I am talking about Horace Warner’s SPITALFIELDS NIPPERS at 6:30pm on Thursday 16th March at the V&A’s Museum of Childhood in Bethnal Green. Click here for tickets

Wakefield Sisters

In his Spitalfields albums, Horace Warner collected together the portraits that he made of the people who lived in Quaker St around 1900 and, because he captioned some of them with their names, we have been able to trace the biographies of his subjects in the public records.

When you see this tender portrait of Jessica Wakefield in her clean apron and her younger sister Rosalie in her check dress, it is impossible not to wonder what happened to these two and thus it imbues the photograph with an even greater resonance to discover that they lived to the ages of ninety-four and eighty-four respectively. I can no longer look at this picture without seeing it as an image of Jessica & Rosalie poised upon the threshold of life itself.

Observe how Jessica places her arm protectively around her little sister who was four years and half years younger than she.
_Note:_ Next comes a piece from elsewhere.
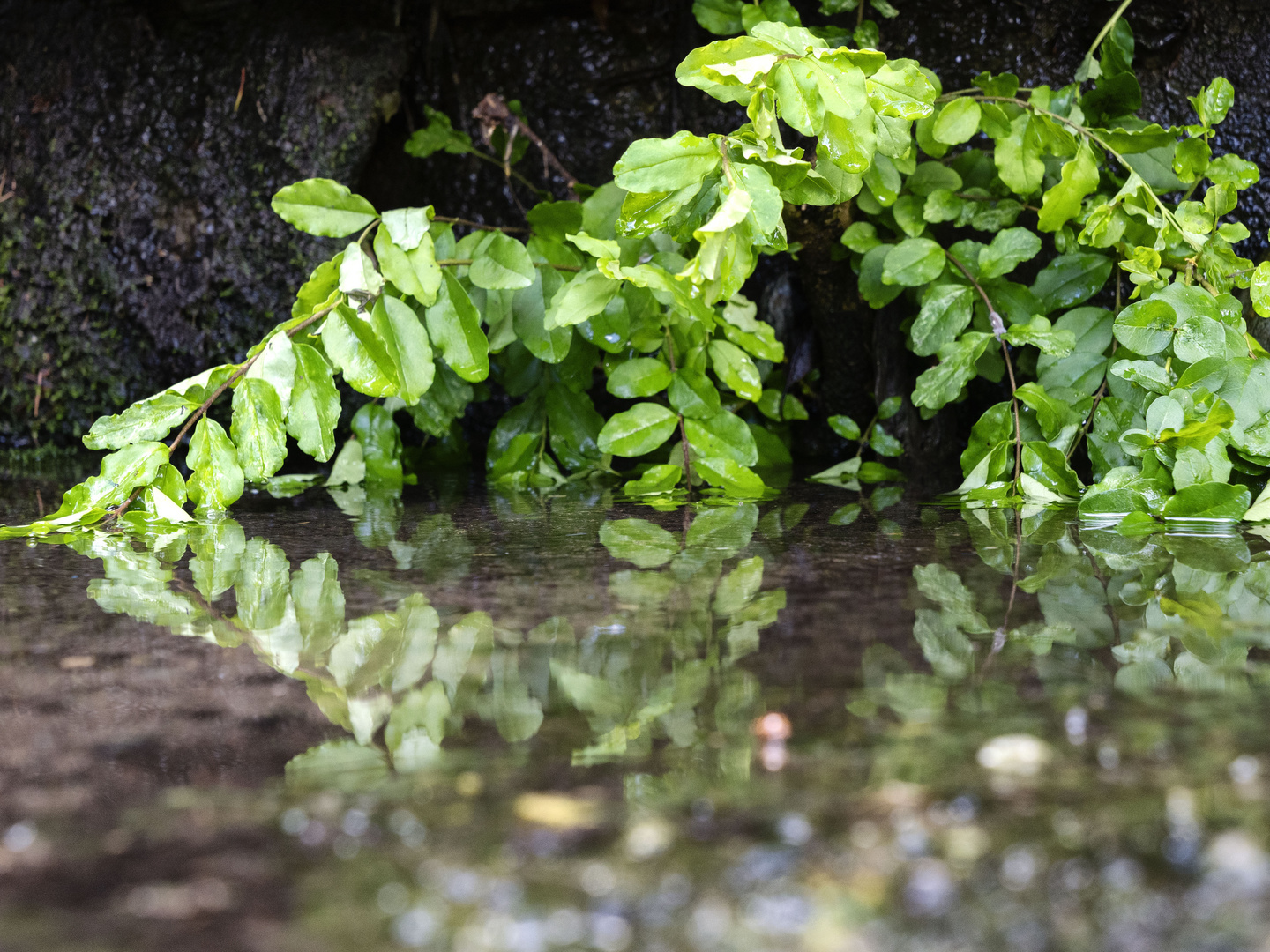 Verde e riflessi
Jessica had been born in Camden on January 16th 1891 and Rosalie at 47 Hamilton Buildings, Great Eastern St, Shoreditch on July 4th 1895. They were the second and last of four children born to William, a printer’s assistant, and Alice, a housewife.It seems likely they were living in Great Eastern St at the time Horace Warner photographed them, when Jessica was ten or eleven and Rosalie was five or six.

Jessica married Stanley Taylor in 1915 and they lived in Wandsworth, where she died in 1985, aged ninety-four. On July 31st 1918 at the age of twenty-three, Rosalie married Ewart Osborne, a typewriter dealer, who was also twenty-three years old, at St Mary, Balham. After five years of marriage, they had a son named Robert, in 1923, but Ewart left her and she was reported as being deaf. Eventually the couple divorced in 1927 and both married again. Rosalie died aged eighty-four in 1979, six years before her elder sister Jessica, in Waltham Forest.

Once we know what life had in store for the Wakefield Sisters, these bare facts deliver a poignant dramatic irony to their photograph. We hope they remained close and were able to support each other through the travails and joys of existence. Once Jessica & Rosalie come alive to us as individuals, we are left to contemplate the moment of stillness that was captured for eternity by Horace Warner in 1900.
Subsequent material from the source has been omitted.